EXERCISE BRIEF => Although the records contain pictures, repeat only the text of every line exactly.

───── RECORD EXCERPTS ─────

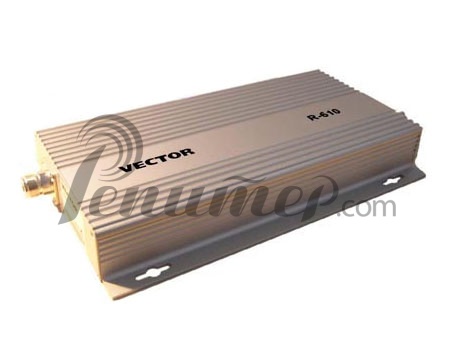 GSM репитер VECTOR R-610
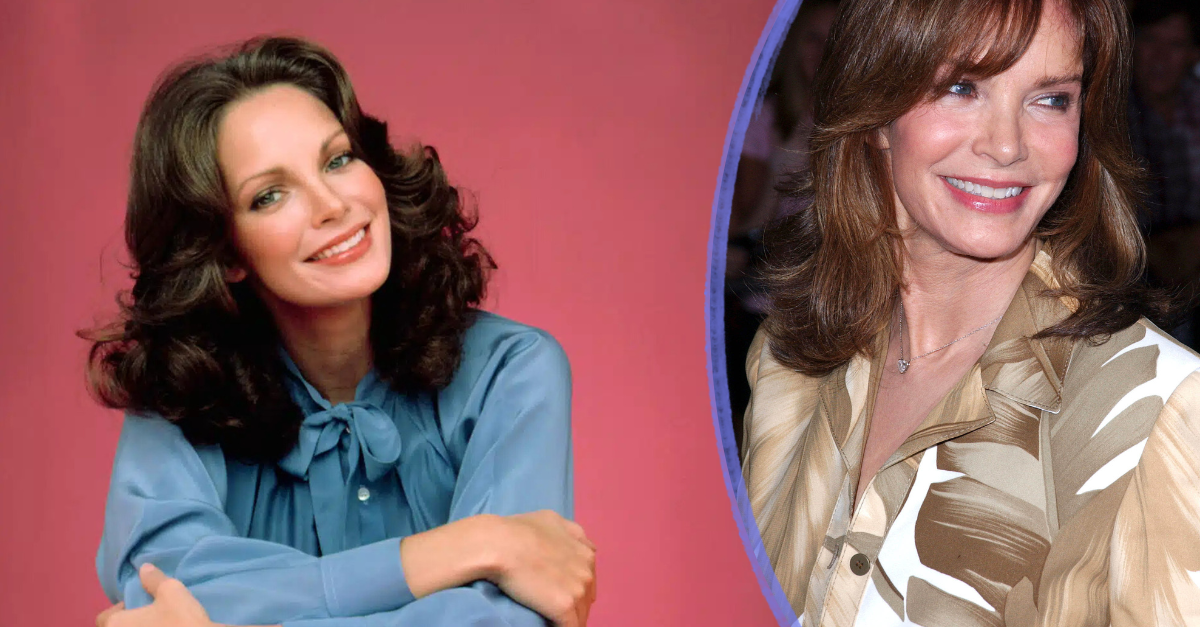 Jaclyn Smith Turns 81 After Building A Fashion Empire From A Kmart Deal She Firs...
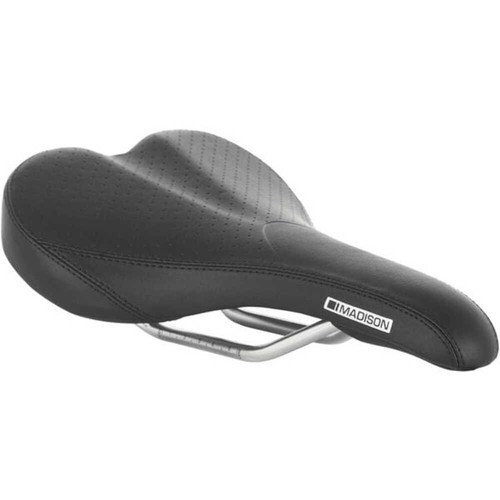 Madison flux classic - classic, saddle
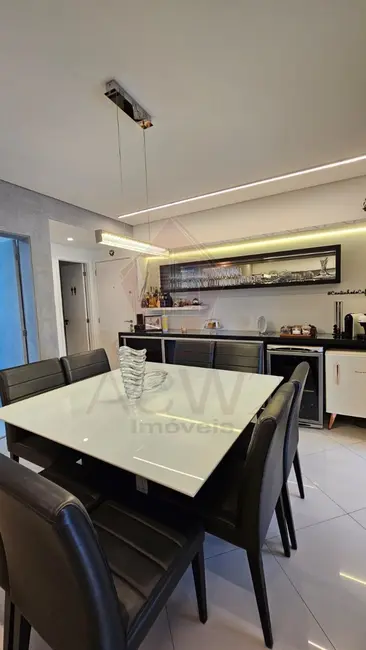 Apartamento com 3 quartos à venda, 108m2 em Jardim Ana Maria, Jundiai - SP - imagem 3 Foto 3 de Apartamento com 3 quartos à venda, 108m2 em Jardim Ana Maria, Jundiai - SP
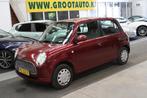 Daihatsu Trevis 1.0 Airco, Isofix, Stuurbekrachtiging, Auto's, Daihatsu, Zwart, 765 kg, Handgeschakeld, 3 cilinders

─────

TASK SOLUTION =>
 GSM репитер VECTOR R-610
 Jaclyn Smith Turns 81 After Building A Fashion Empire From A Kmart Deal She Firs...
 Madison flux classic - classic, saddle
 Apartamento com 3 quartos à venda, 108m2 em Jardim Ana Maria, Jundiai - SP - imagem 3 Foto 3 de Apartamento com 3 quartos à venda, 108m2 em Jardim Ana Maria, Jundiai - SP
 Daihatsu Trevis 1.0 Airco, Isofix, Stuurbekrachtiging, Auto's, Daihatsu, Zwart, 765 kg, Handgeschakeld, 3 cilinders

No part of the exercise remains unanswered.